=== Section Start ===

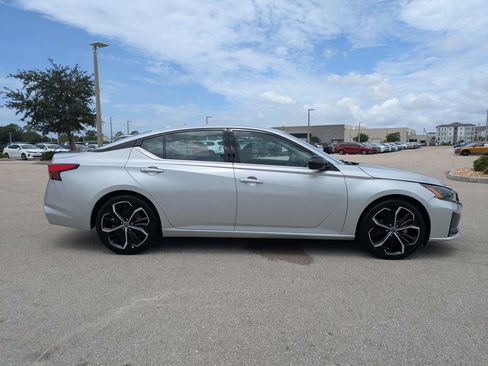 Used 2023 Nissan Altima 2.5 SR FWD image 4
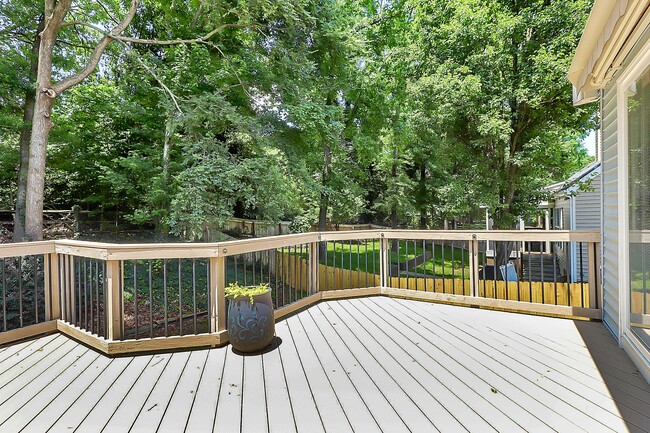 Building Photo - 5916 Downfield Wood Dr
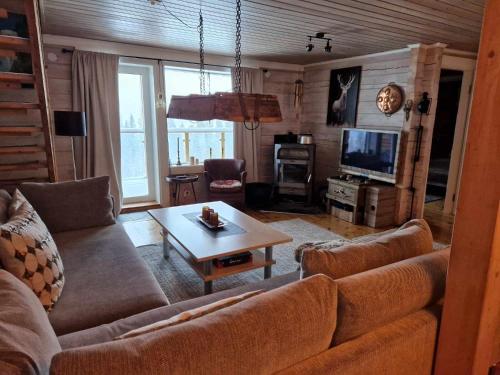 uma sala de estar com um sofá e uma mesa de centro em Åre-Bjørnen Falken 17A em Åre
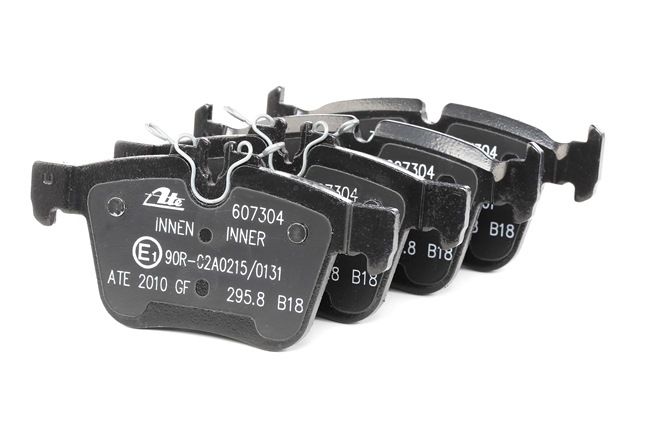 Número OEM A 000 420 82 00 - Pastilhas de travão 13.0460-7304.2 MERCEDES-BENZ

=== Section End ===
=== Section Start ===

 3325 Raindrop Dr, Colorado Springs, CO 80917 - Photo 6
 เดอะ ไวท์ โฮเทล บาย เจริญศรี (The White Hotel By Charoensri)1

=== Section End ===

» Exercise brief: What to print is the stretch of entries from the line with "uma sala de" up to and including the line with "Número OEM A". Please print it exactly and leave out the pictures.

» Completed task:
 uma sala de estar com um sofá e uma mesa de centro em Åre-Bjørnen Falken 17A em Åre
 Número OEM A 000 420 82 00 - Pastilhas de travão 13.0460-7304.2 MERCEDES-BENZ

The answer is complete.